Swedish and French food firms share direct sales skills
- CAP Implementation
- CAP Strategic Plans
- Food Supply Chain
- LEADER
- Long-term Vision for Rural Areas
- Networking
- Rural Development
A Swedish LEADER project adapted knowledge shared by French artisanal food producers to help their Nordic counterparts improve direct sales techniques via short supply chain methods.

LEADER’s transnational cooperation (TNC) funding provides peer-learning channels for rural Europe. A good example of TNC’s potential is seen in a Swedish project from Jämtland that adapted knowledge shared by French artisanal food producers to help their Nordic counterparts improve competences and confidence in direct sales techniques via short supply chain methods.
A ‘Knowledge transfer & information action’ budget line in Sweden’s Rural Development Programme (RDP) funded the TNC project, which emerged as a beneficial tool to help Swedish food producers connect with buyers during the COVID-19 pandemic. The aims included building awareness and capacity among small-scale food businesses to develop direct contact with customer bases. Being smaller, these rural companies were considered at higher risk of exposure to market volatility. However, their size and characteristics also provided flexibility allowing them to be animated by the CAP-funded project to react and adapt quicker than the wider food industry.
The project involved developing and producing a range of articles and films capturing examples of artisanal food production and different selling methods promoting short supply chain possibilities for the industry. These articles and films were disseminated with the aim of sharing knowledge and experiences in the field of artisanal food production and sales. A capacity building conference with lectures on different methods and techniques for improving direct sales attracted 171 participants and a study trip to France built the business capacity of its 12 participants.
Animation was integral to the TNC project process, and it was designed from project staff experience with small and artisanal businesses in the agri-food sector. This approach, based on previous evidence, indicated the need and demand for improving efficiency and profitability in the target group. More specifically, by strengthening sales technique competences through developing new ways and methods of reaching wider markets. In the long term, the project hopes that these improvements will lead to the development and creation of more job opportunities in artisanal food production in rural Sweden.
Katarina Holmberg, was a beneficiary of the TNC initiative and notes how it “gave me new insights and inspired me to focus more on selling directly to customers. I received valuable ideas that led me to change my business to focus more on a short food chain with direct contact with customers and close cooperation with other producers in the area. These insights led me to develop my business to increased profitability and greater adaptability in the event of changes, for example during the pandemic. I have also been able to inspire others to do the same, which has strengthened small-scale food production locally.”
Lessons learned
Communication was the core animation tool for the TNC project’s capacity building process delivered via publications, events, videos, and exchange visits. These were coordinated in a campaign to network expertise and boost learning exchanges between national and international peers. A TNC process of listening to EU contemporaries was organised by the project which provided its participants with an opportunity to reflect on their own activities, creating new insights and inspiring new ideas and knowledge. A study trip also gave participants an opportunity to exchange experiences and network among themselves. Such added value is the ultimate rationale for TNC which can catalyse results that wouldn’t normally happen without it.
Many useful tips, advice, approaches, and learning options were provided during a series of meetings in France that happened thanks to the project’s animation strategy. Knowledge and perspectives from French artisanal producers were captured in a video used in the RDP project’s campaigning process to develop peer awareness.

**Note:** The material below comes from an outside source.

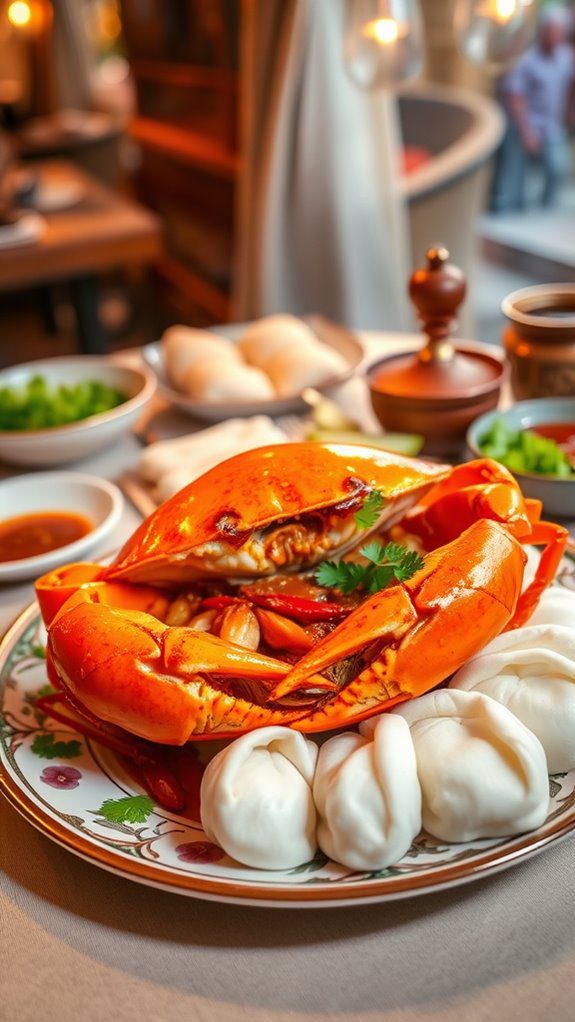 spicy seafood delicacy dish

It reflects that agri-food wholesalers and cooperatives have developed and centralised sales expertise over previous decades and encouraged farmers to concentrate on production. These practices have contributed to weakening the capacity and confidence of producers to develop their own direct sales competences and customer-bases. Addressing this underlines the importance of rural skills strategies to review the benefits of re-introducing forgotten sales skills for food producers interested in direct sales and short supply-chains.
Other TNC lessons observed the gains available from new collaborations along sales channels that can lead to stable, predictable turnover throughout the year. In the video, the Swedish producers hear how collective approaches to direct sales can be implemented through sharing workloads. Each farmer in the French example takes only a day a week to work at a group sales point and collectively these days allow each farmer to have their sales point stay open for five or more days to generate income. Further inspiring French insights for the Swedes drew attention to additional synergies from peer networking in producer groups which can collect and provide access to a large pool of specialist skills, equipment, and contacts. Marketing advice for artisanal producers included applying storytelling techniques about products to foster customer loyalty.
TNC outcomes
Speaking recently about what difference this TNC partnership has had, Project Manager Aleksandra Ahlgren, from the National Resource Center for Food Crafts, said: “The project has contributed to increased knowledge about direct sales and short food chains. It has also clearly shown the great value of various collaborations both between food artisans and actors in other industries or food artisans and consumers who have a close relationship."
“All of these variants have, in several examples that arose during the course of the project, shown great strengths and many added values for the parties involved. The new collaborations and approaches in terms of sales channels that the project has shown mean for the producers a more stable and predictable turnover throughout the year and a reduced vulnerability to external factors."